Gesù è spogliato delle vesti. Anche quest’umana umiliazione deve subire. Ma quegli uomini non capiscono, non comprendono che quello che secondo i loro ragionamenti è un gesto di disprezzo, nel pensiero di Dio è il segno della regalità. Sì perché l’uomo è vero nella sua nudità, perché la nudità ne svela l’essenzialità. E quell’uomo rimasto nudo, ma rimasto Re, ha vinto la morte, ha sconfitto coloro che in quel gesto volevano dimostrare il loro potere vigliacco sull’indifeso, sul perseguitato, sul condannato.
Quanti uomini nudi ci sono oggi davanti ai nostri occhi? Uomini spogliati della loro dignità, del loro lavoro, dei loro sentimenti, della loro stessa umanità. E quanti altri uomini si giocano le loro vesti pensando di poterli dominare, di esserne superiori, di approfittare della loro debolezza?

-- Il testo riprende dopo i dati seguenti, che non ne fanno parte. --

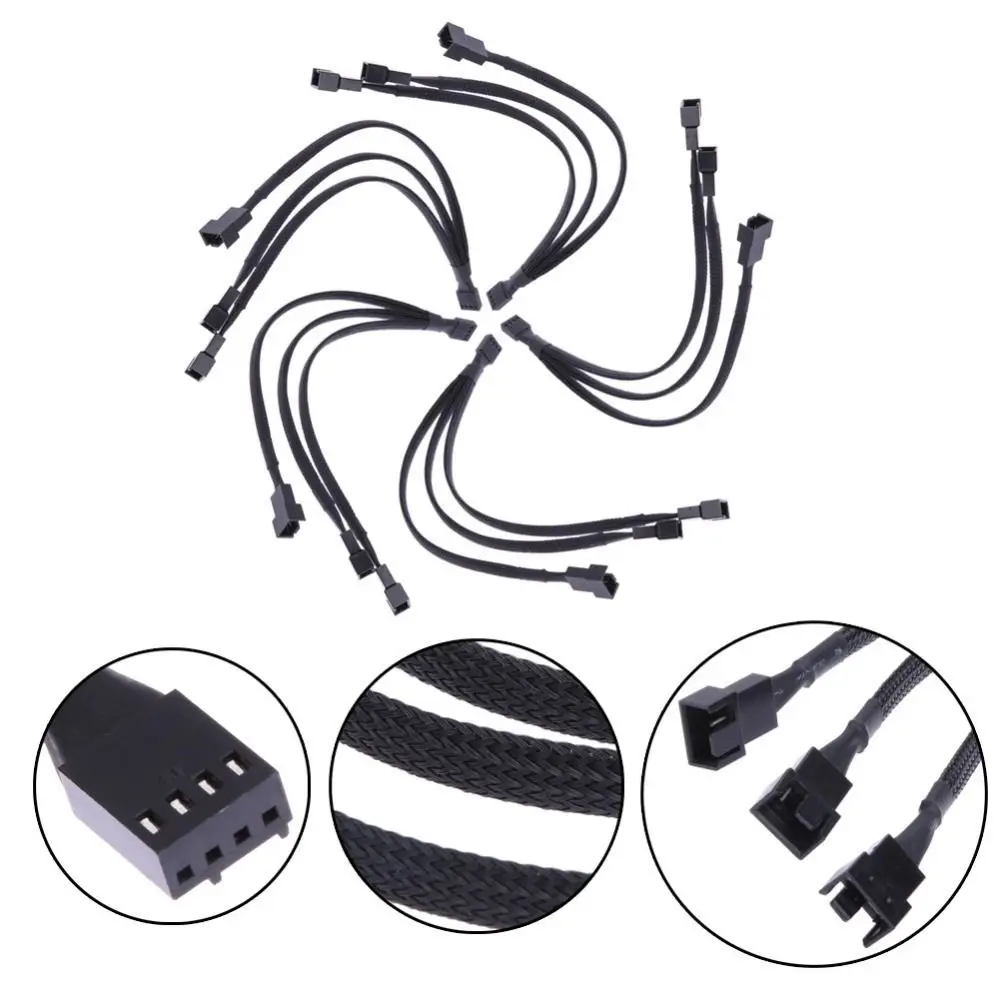 Male To Female 4 Pin Pwm Fan Cable Black Sleeved Braided Sleeving Temperature Control Fan Cable 4/3/2/1 Ways Splitter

Migranti, disoccupati, donne violentate e uccise, bambini violati nel corpo e nell’anima, rifugiati, torturati, vittime di ogni violenza e della guerra. Sono davanti a noi nella loro nudità che è la loro regalità, il loro rimanere comunque uomini davanti a Dio. Ma per comprenderli è necessario a nostra volta spogliarci delle nostre “vesti”, tornare tutti a essere uomini senza orpelli, senza mania di dominio, nella nostra regalità. Abbandonare le sovrastrutture del nostro egoismo e vedere nell’altro non qualcuno di cui dobbiamo avere paura o piegare ai nostri interessi, ma un nostro compagno di viaggio.

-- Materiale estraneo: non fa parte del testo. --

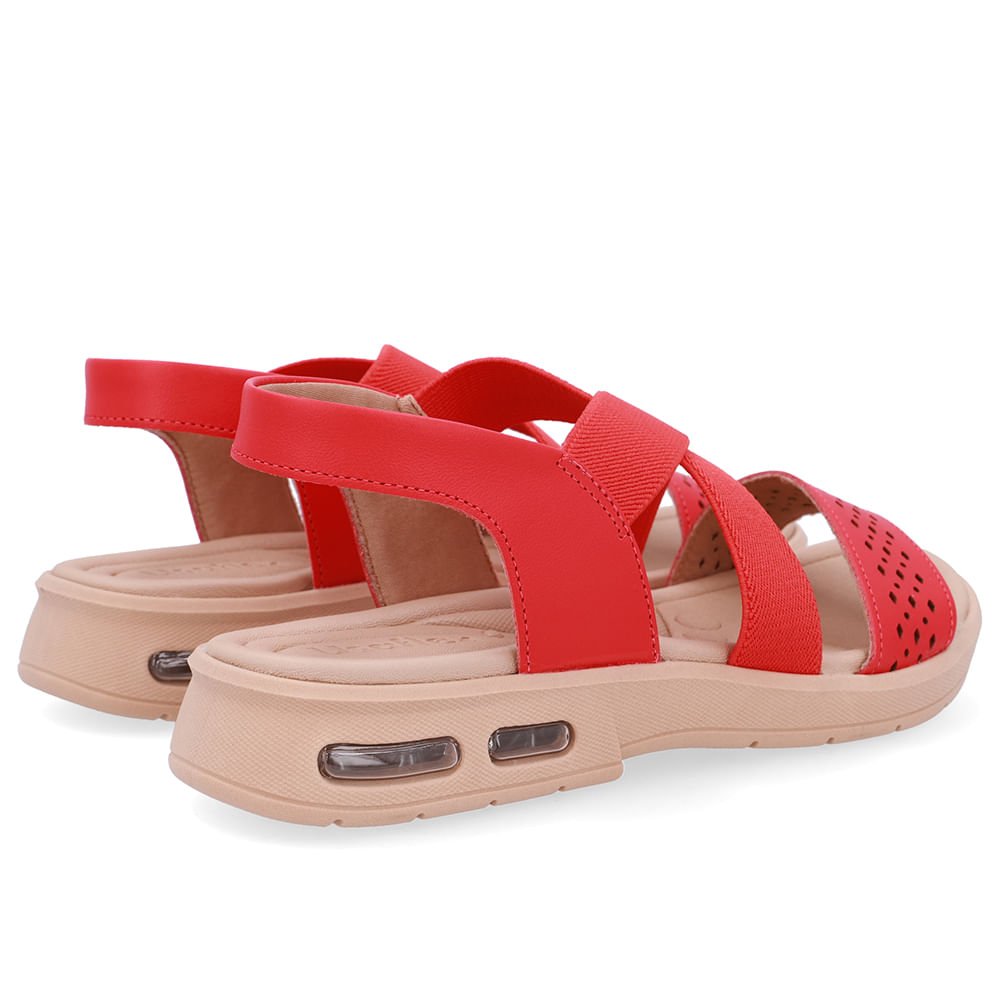 Sandália Tira Elástico Cruzado Vermelha Laser Vermelho 3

La nudità regale di Gesù questo ci insegna: a rimanere nudi anche noi e perciò a essere veri uomini. Il Vangelo è tutto un cammino sulla nudità e sulla povertà che Gesù ha percorso fino a quella che, secondo la mentalità mondana, è l’umiliazione finale, ma quell’essere indifeso, esposto a qualsiasi violenza e a qualsiasi gesto di approfittamento, ha vinto per tutti noi e ci ha riscattato.
E’ questo ciò che ci dice la decima Stazione della Via Crucis, un messaggio che ci deve dare coraggio per l’esito finale, che deve dare coraggio alla Chiesa perché si spogli da tutto ciò che non serve, che non è essenziale, che è solo potere e dominio, perché torni a essere nuda.